When people just believe whatever “feels right,” whatever they find “inspiring,” whatever gives them a subjective experience of closeness to God, they cease to be honest seekers of the truth. Truth is objective. Objective reality has the ability to challenge us, to confront us, to show us when we are wrong.

As soon as the mystic blasphemously declares, “I and the Father are one,” she can no longer encounter God as Other. When the mystic proclaims himself divine, he loses the ability to learn from God, to hear God’s voice as distinct from his own. Thinking he is perfect jus t as he is, he cannot repent of the evil that still exists within him. Feeling that all of the universe is as it should be, she sees no reason to fight against injustice.

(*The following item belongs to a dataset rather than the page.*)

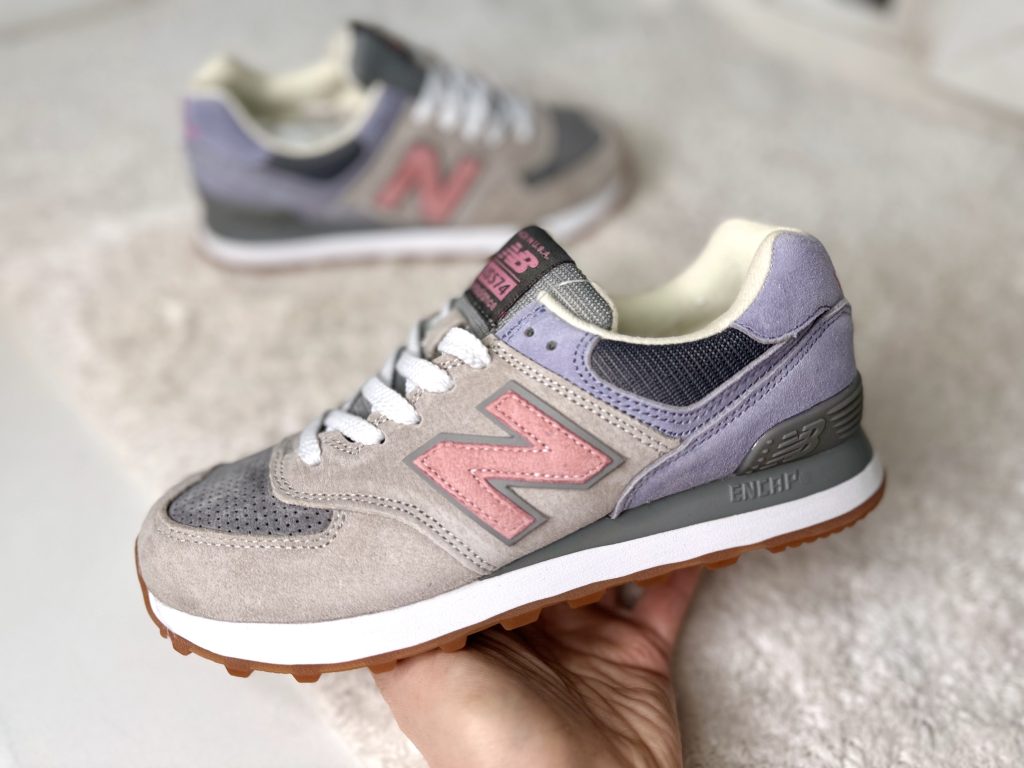 Женские кроссовки New Balance 574 серые с фиолетовым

The Bible is in some ways hard to understand precisely because it is a witness to the objective facts of God’s intervention in history. Because of the historical nature of revelation, we have in scripture a source of objective truth. That is why we need to trust in scripture before our own feelings, so that we can remain open to being transformed by a God whose ways are higher than our ways.

P.S. A note on Eckhart Tolle:
As I said, I don’t know much about him, but I tried looking him up online to see what I could learn. His website is nothing but an advertisement. I am extremely skeptical about the “enlightenment” of any person who refuses to share their supposedly wonderful teachings for free and instead uses their renown to make money.